Kara Babcock

I read, write, code, and knit.

A look back at NaNoWriMo

Note: This post was written before I realized I was trans and/or before I came out online. As such, I might refer to myself as a man or use my deadname. Please read my name policy to understand how you should refer to me.

I meant to post this earlier, but somewhere along the way I forgot about it. Anyway.

At the end of October, the part of me that is absolutely, certifiably insane decided that I would be doing NaNoWriMo this November. This was two days before the start. I had no outline, only the inklings of a story idea, and I knew November was going to be busy in terms of both school and work.

"Oh, it'll be fine," Certifiably Insane Ben said to Rational Cautious Ben.

"This will all end in tears," Rational Cautious Ben replied, then booked tickets for a far away island.

Well Rational Cautious Ben returned at the beginning of December to take a look at what Certifiably Insane Ben wrote in November. Suffice it to say I didn't reach the goal of 50,000 words. I reached 27,145 words on November 19 and it stayed that way for the rest of the month. Now, I know that it isn't about achieving the 50,000 mark (although that's nice). I know that it's about actually starting to write, actually doing something instead of just saying I'll start to write. So in that respect, I accomplished something.

Prior to this year I've eschewed NaNoWriMo, mostly to avoid this sort of disappointment. Time management has always been a personal demon--not so much procrastination as a pathological avoidance of any sort of completion. I'm sure most will agree: it's easy to start new projects, but the trick is to finish them. I've managed it once or twice, and the results were usually mediocre enough that the very achievement of finishing was better than the final product.

It's clear that two days before NaNoWriMo began wasn't the most practical time to make the decision to participate. I don't write with a firm outline, but I always have a well-formed idea of how the beginning, middle, and especially the end. This time I came up with a plot synopsis in two days, and the end was . . . well, it just happened to be the end. It wasn't the end that grows organically in my head over the course of several weeks as I meditate on my latest, greatest plot obsession.

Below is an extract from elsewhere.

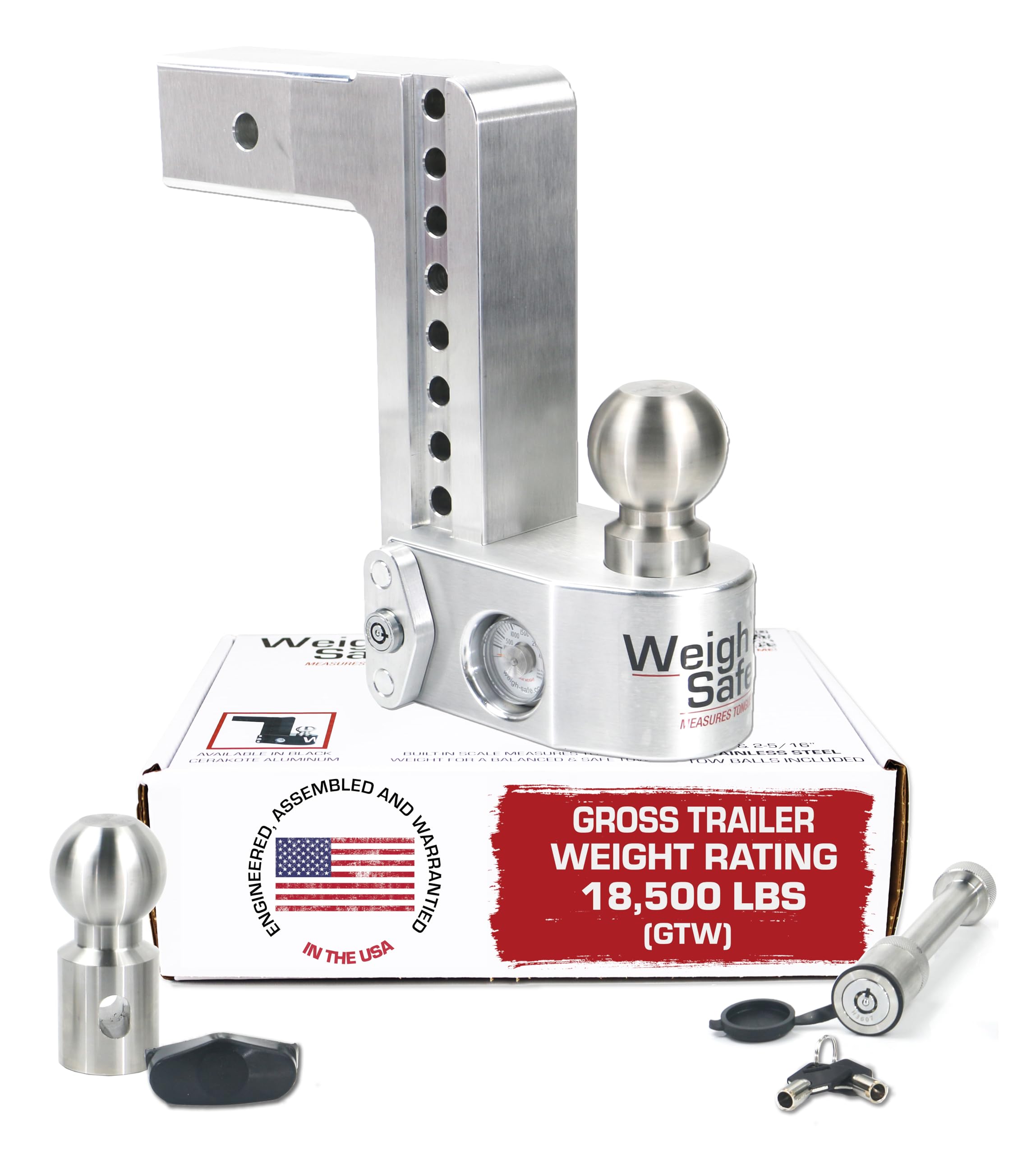 Weigh Safe Adjustable Trailer Hitch Ball Mount - 8'' Drop Hitch For 2.5'' Receiver W/ 2 Pc Keyed Alike Lock Set, Premium Aluminu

I've had a taste of how the other side lives now, and I don't think I'll be doing NaNoWriMo next year. November just isn't a good month in which to try and knock out 50,000 consecutive words. All the more power to those of my friends who managed to achieve or exceed their goal! Congratulations! As for me, I'm going to put aside the project I worked on in November and spend December trying to come up with a more fully-realized idea. And reading lots more books.